▶ WORK REQUEST
Every line from the first one in the data below through the line holding "Regal Purple Banarasi" is to be written out exactly, with the pictures omitted.

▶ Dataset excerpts
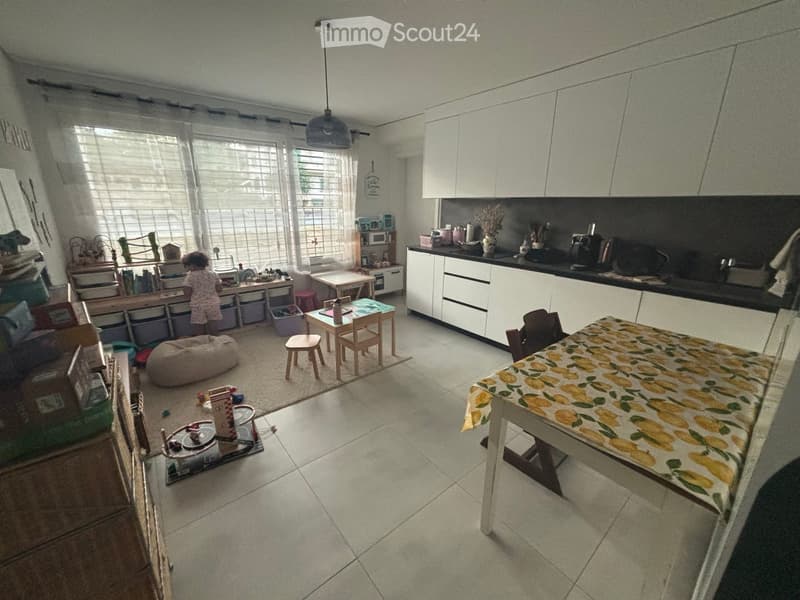 A combined living and kitchen area with a beige bean bag, small table and chairs, kitchen cabinets, and a dining table with chairs.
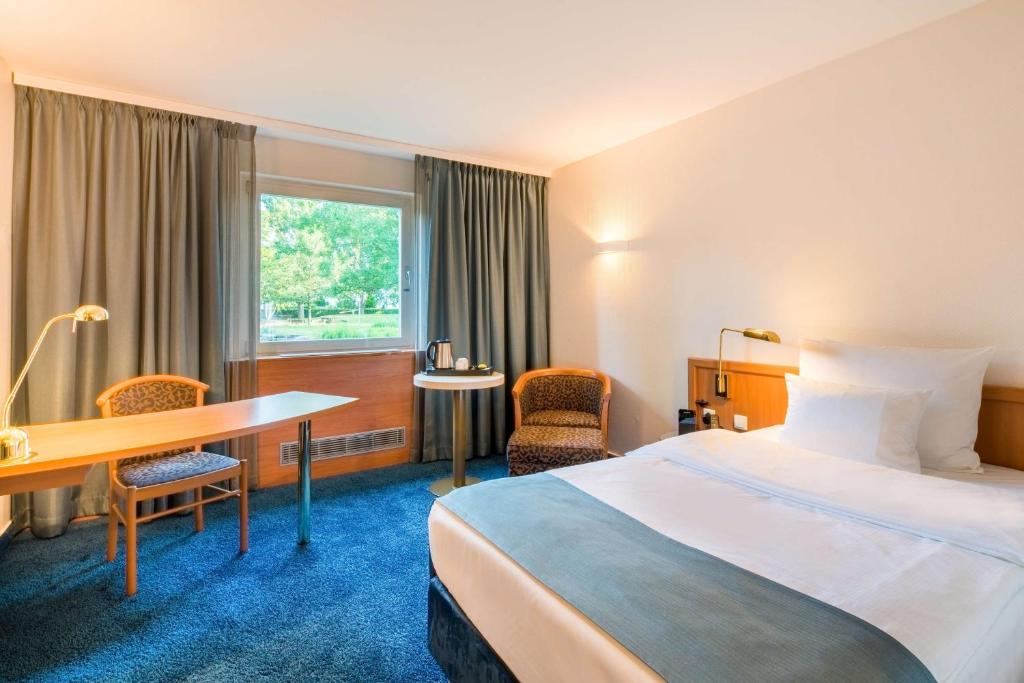 Postel nebo postele na pokoji v ubytování Best Western Plus Hotel Fellbach-Stuttgart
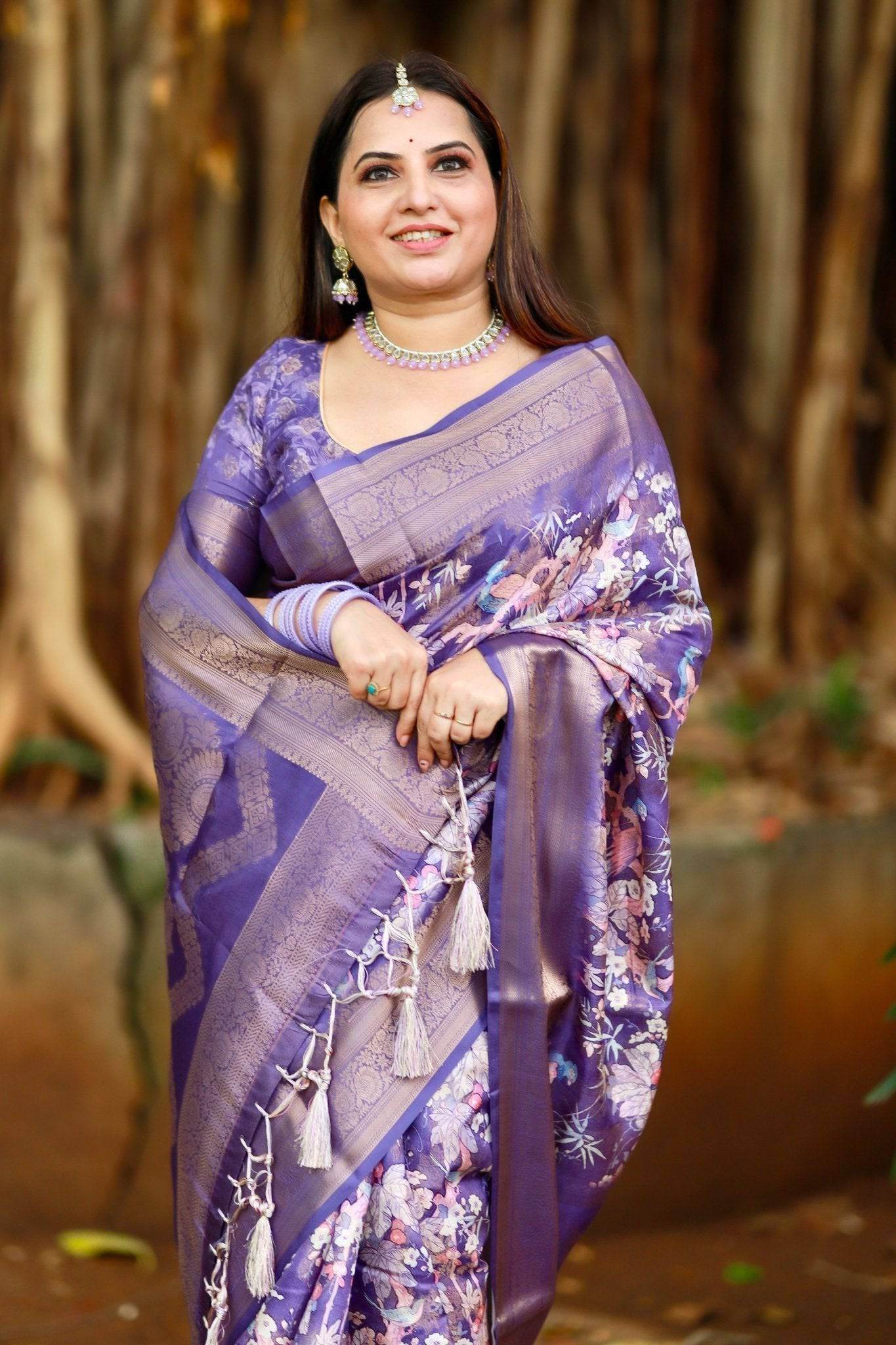Regal Purple Banarasi Silk Saree with Floral Motifs and Elegant Tassels - SEEANS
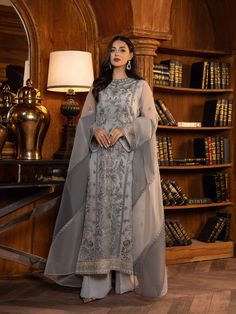 Brand: SIFAProduct Code: FU-23-08-EnoraCollection: SIFA Lueur Unstitched Luxury Formal Collection DESCRIPTION﻿: The aesthetic outfit features a graceful yet elegant silhouette with captivating floral embroidery in shades of blue embellished with sequins and tilla, fully embroidered front with pronominal embroidery on its border. It is paired with beautifully composed dupatta with color blocking and embroidery details on it paired with raw silk trouser. It’s a perfect outfit for any festive event Chiffon Dresses, Elegant Embroidery, Chiffon Fashion, Silk Trousers, Pakistani Suits, Chiffon Shirt, Fabric Stores Online, Formal Outfit, Formal Looks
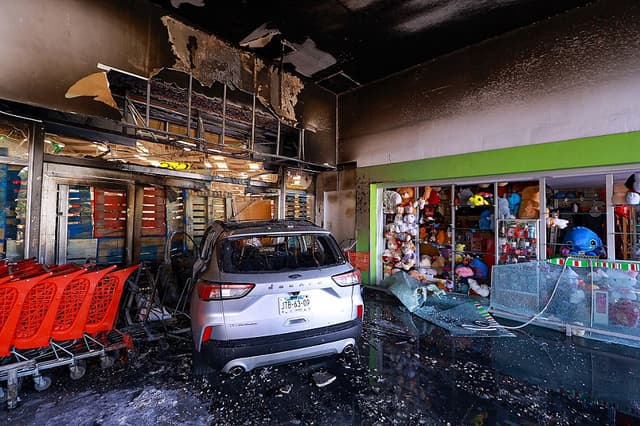 Un coche quemado se estrella contra la entrada de una tienda en un centro comercial el 22 de febrero de 2026 en Guadalajara, México. (Carlos Zepeda/Getty Images)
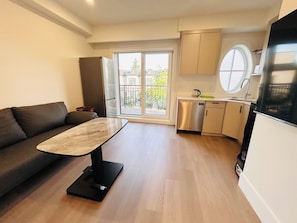 A modern living space with a sofa, a dining table, a kitchen area with a dishwasher, and a large window providing a view of the outside. - Modern Spacious 2 Bed 2 Bath Townhouse (Vancouver)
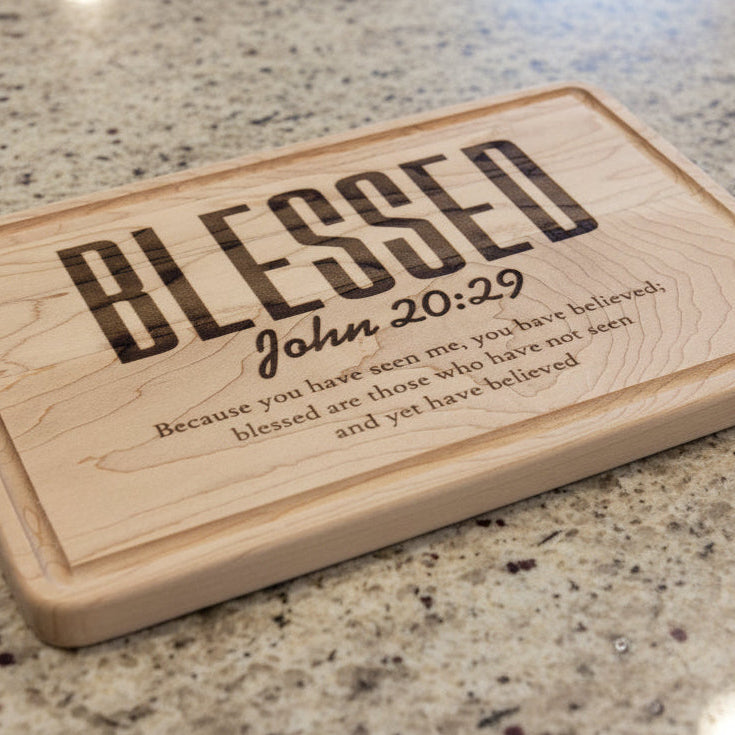Wooden plaque with 'Blessed' text and Bible verse on a white background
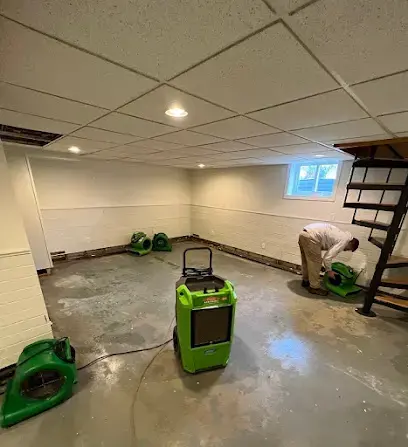 Dehumidifier and air movers drying a finished basement floor while a technician checks the wall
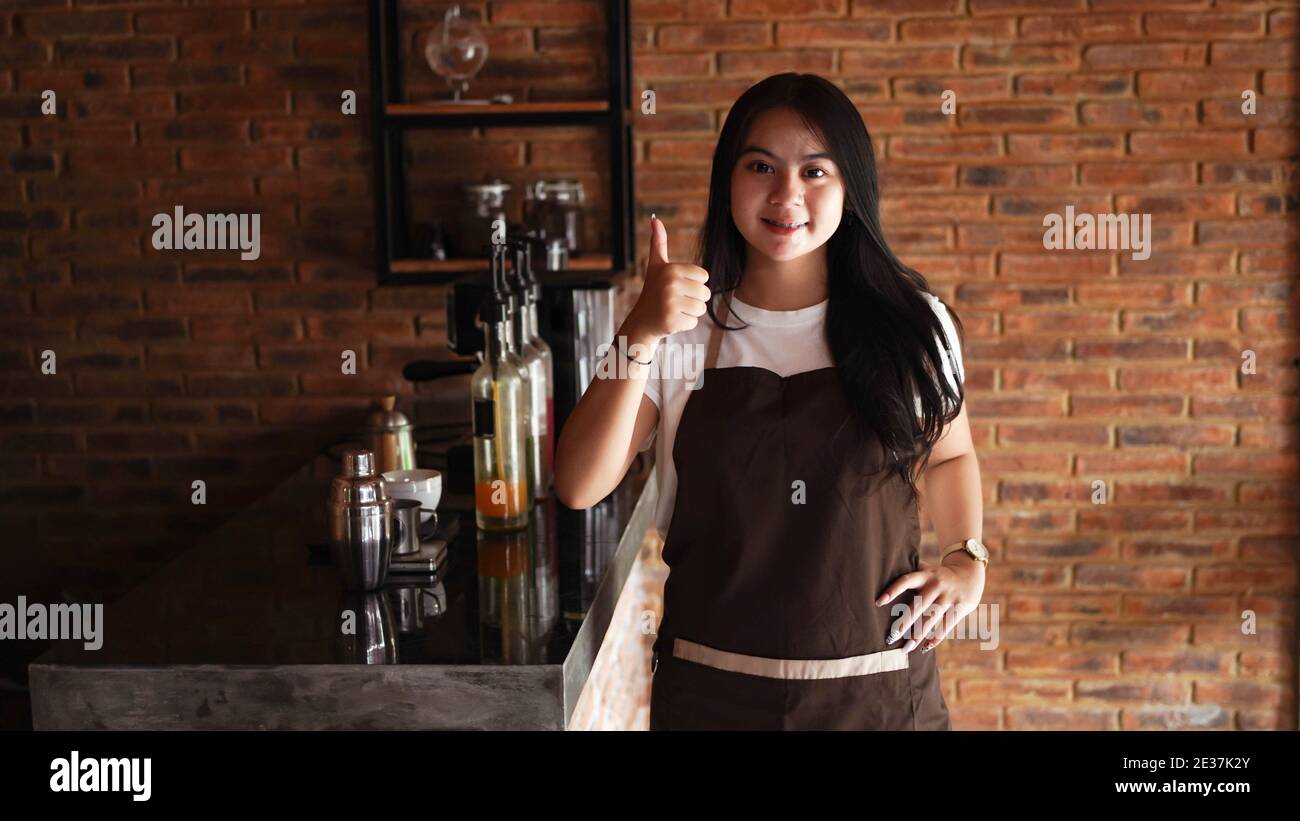 Giovane donna asiatica barista indossare grembiule OK gesto Foto Stock
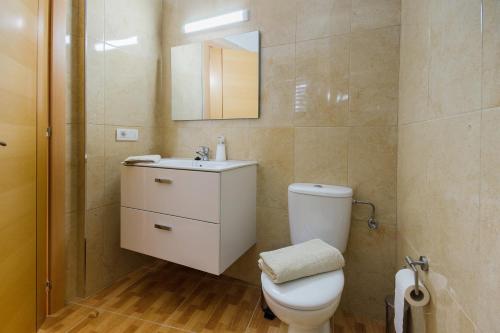 a bathroom with a toilet and a sink and a mirror at Apartamento Ye in Haría
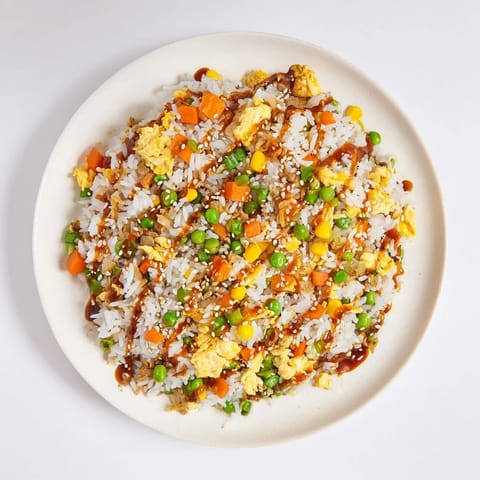Vibrant photo of a wok filled with sizzling Frozen Veggie Fried Rice, savory with egg, ready to eat.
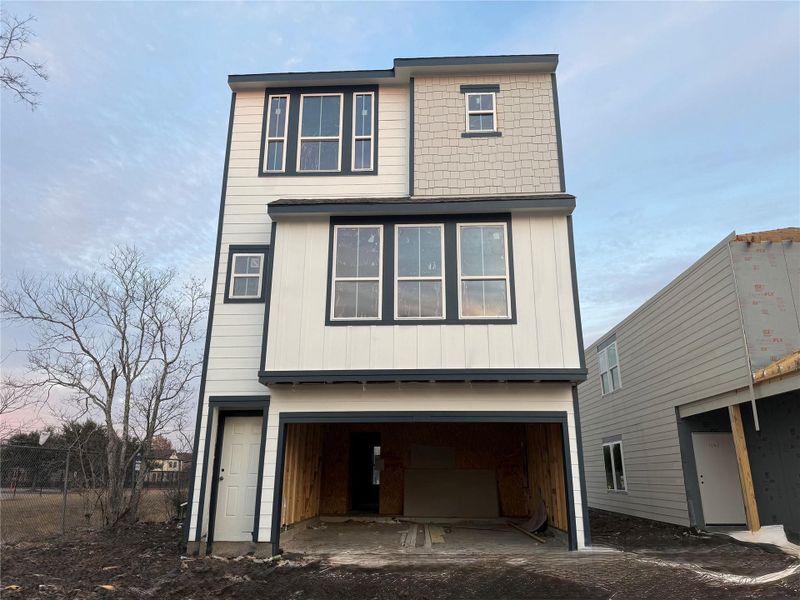 Three story home with 4 beds, 3.5 baths, and 2 car garage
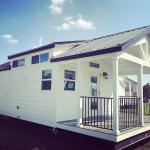 White Farmhouse Premier P577 with grey painted cabs, clerestory, and an optional island by Platinum Cottages. This custom built house was for an RRC Athens customer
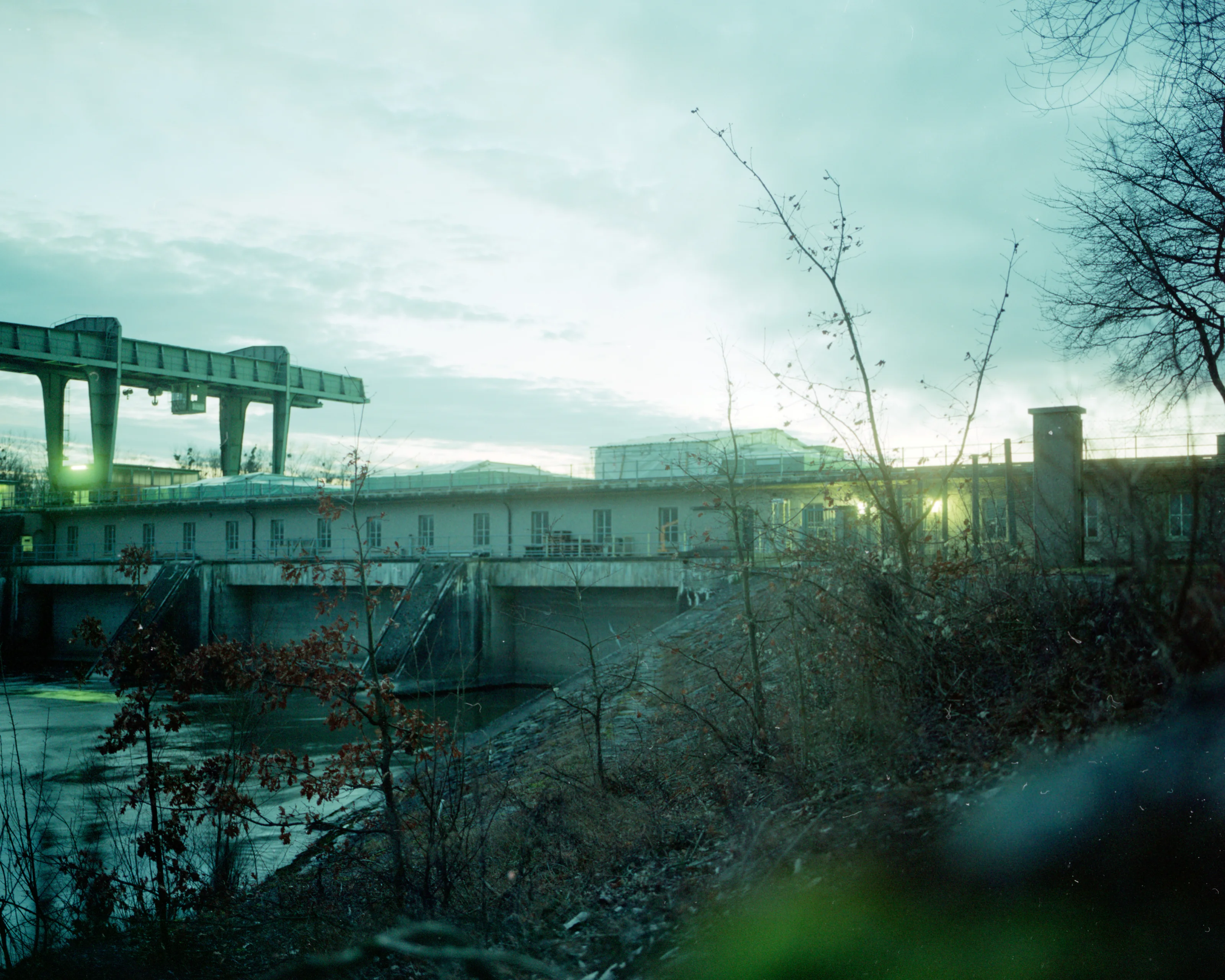 Industrial building and structures silhouetted against a cloudy sky with bare trees in the foreground.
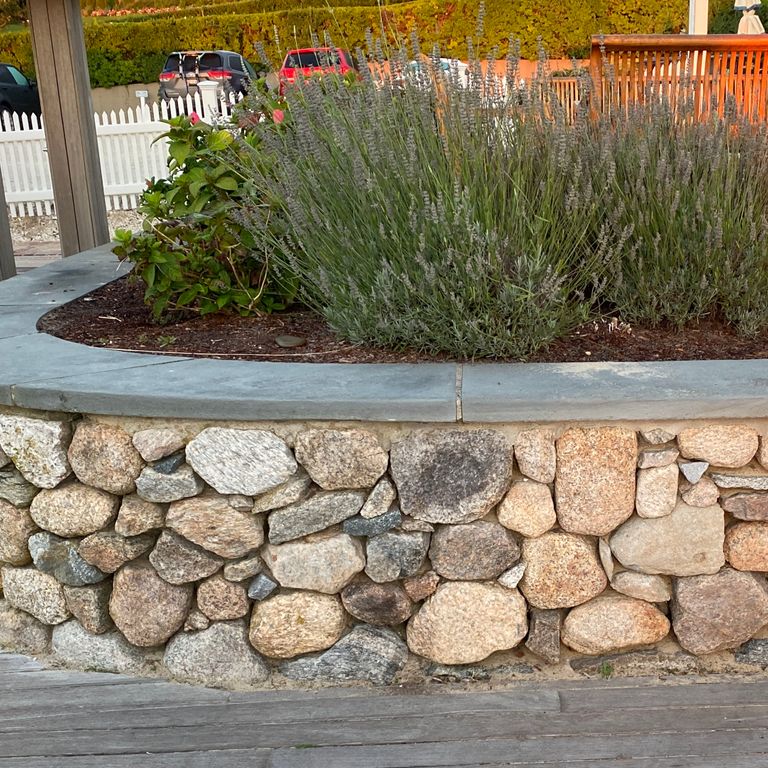 Application image for New England Fieldstone Rounds. The image shows this material being used in a landscape wallstone application. The surface finish shown is weathered. The dominant color shown is gray. The color mix creates a cool feeling.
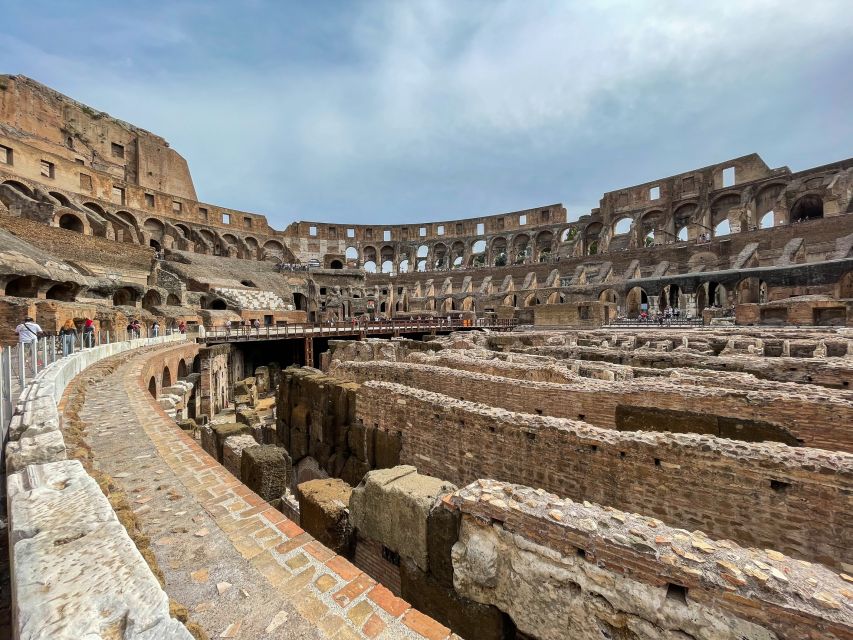 Rome: Colosseum Tour with Access to the Gladiator Arena - Entering through the gladiator gate, then stepping into the arena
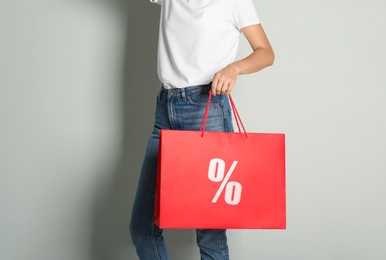 Image of Discount, sale, offer. Woman holding paper bag with percent sign against light background, closeup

▶ SOLVED EXERCISE
 A combined living and kitchen area with a beige bean bag, small table and chairs, kitchen cabinets, and a dining table with chairs.
 Postel nebo postele na pokoji v ubytování Best Western Plus Hotel Fellbach-Stuttgart
Regal Purple Banarasi Silk Saree with Floral Motifs and Elegant Tassels - SEEANS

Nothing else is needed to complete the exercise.